India is among the youngest countries in the world, with 67% of its population of 1400 million in the working age group. By 2030, another 100 million people are expected to seek gainful employment in the country [1]. Thus, India is witnessing one of the highest demographic dividends in the world and has an unprecedented opportunity to develop and grow economically, as reflected in the annual GDP increase from 6% to 8% between 2010 and 2020. And yet, India’s rapid and consistent economic growth has failed to translate into job opportunities for its 48 million unemployed citizens [2], making jobless growth one of the most pressing concerns for the country. Over and above that, tens of millions more are caught in a web of disguised unemployment, underemployment, or tenuous and undignified work.

Over the years, grassroots entrepreneurship has emerged as a response to the rapidly changing paradigm of employment in India and an avenue for local, opportunity-driven, and dignified employment, especially for women and youth who have been the most vulnerable to the changes in the macroeconomy shocks. The evolution of these enterprises has, however, been constrained by a complex set of challenges, which includes access to critical resources and gender and societal barriers, among many other factors that hinder the growth of entrepreneurship.

Moreover, the growth in entrepreneurial activity in India has been far from uniform. On the one hand, the country is shining as an example of entrepreneurship, with the growth rate of enterprise set-up being almost 10% annually. On the other hand, many young individuals and women aspiring to become entrepreneurs, especially in rural communities, are being left behind. While 83% [3] of the Indian workforce aspires to become entrepreneurs, only 5% [4] are able to cross the threshold of establishing businesses; one of the lowest rates in the world.

Several attempts have been made by enterprise development agencies to bridge the existing gaps, but the lack of collaboration and deep silos that exist among the available infrastructure, government programmes, and support services have not been adequately addressed. Dependence on government schemes and affiliated service providers perpetuates one-way, top-down flows and relationships in enterprise development projects and programmes. Civil society initiatives offer more comprehensive support but are negligible in terms of their impact.

The Emergence of Entrepreneurial Ecosystem

There is a need to build a conducive social and economic environment in rural India, more commonly known as an ‘entrepreneurial ecosystem’. The aim of such an ecosystem is to enable aspiring individuals to take up entrepreneurship opportunities.
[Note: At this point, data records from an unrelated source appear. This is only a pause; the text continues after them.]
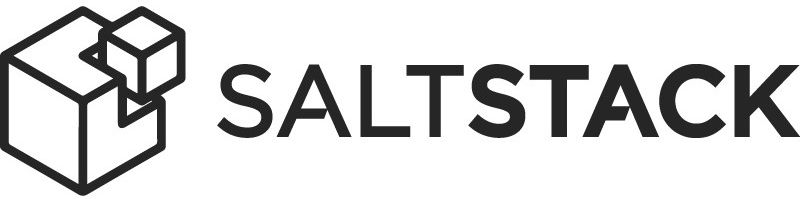Official Salt logo. Copyright SaltStack.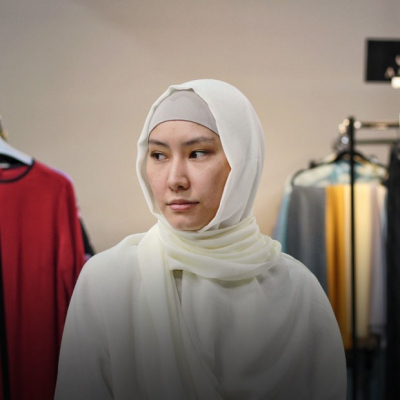 «Нужно ценить свой платок»: Мусульманки о хиджабах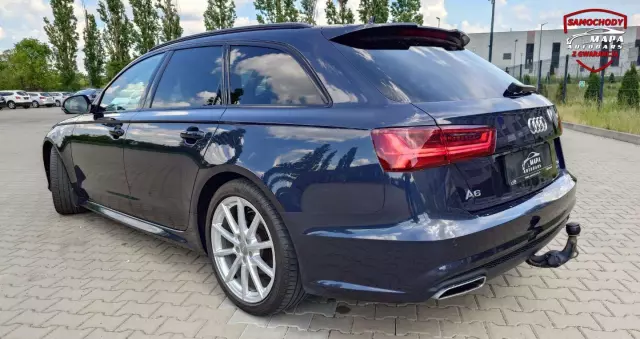AUDI A6 Avant 2.0 TDI Ultra S tronic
This ecosystem comprises actors such as government institutions, grassroots implementation agencies, private entities, innovators, and businesses, having different attributes, decision principles, and beliefs that bring together specialised yet complementary resources for orchestrated efforts to make setting up and running successful enterprises easier. They are responsible for building bridges between a large number of entrepreneurs active at the microlevel and influential, resource-rich macro-level agencies. This necessitates the need to build a new kind of shared ‘institutional infrastructure’ that can understand local socio-economic imperatives, share relevant insights, and support multi-stakeholder action to co-create strategies for long-term resilience in the economy along with an intense focus on empowerment, livelihood security, and entrepreneurship.

Through initiatives led by Development Alternatives such as the Work4Progress programme, human-centred tools and prototypes have been co-created with rural communities to 'poke' the ecosystem into removing barriers to entrepreneurship in regions of their operation. One such prototype is the District Entrepreneurship Coalition (DEC). It is designed with the objective to establish linkages amongst actors, working in the space of entrepreneurship, and channelise and optimise the efforts and resources of multiple stakeholders towards the common goal of job creation through enterprise development. The key stakeholders of this initiative include government agencies such as the District Industries Centre, National Rural Livelihood Mission, Agriculture Department, Department of Horticulture; financial institutes including the National Bank for Agriculture and Rural Development, banks, NGOs, microfinance institutions; market aggregators; training institutes including Rural Self Employment Training Institutes; universities; and, most importantly, entrepreneurs.

A Pathway for Two-way Communication

What started as informal meetings in 2017 to facilitate pathways of cooperation eventually grew into a robust platform in the Mirzapur district of Uttar Pradesh by the end of 2022. Development Alternatives, along with its implementation partners SVSS and MDSS, facilitated the initial coalition meetings to take the conversations beyond individualistic challenges, journeys, projects, and schemes, and foster a sense of collaboration among the members. Over the next two years, the discourse changed from its initial suggestive or advisory tone about what an entrepreneurship development agency such as Development Alternatives should do, to action-oriented discussions about the role that coalition members should play, collaboratively, in making entrepreneurship more accessible in Mirzapur.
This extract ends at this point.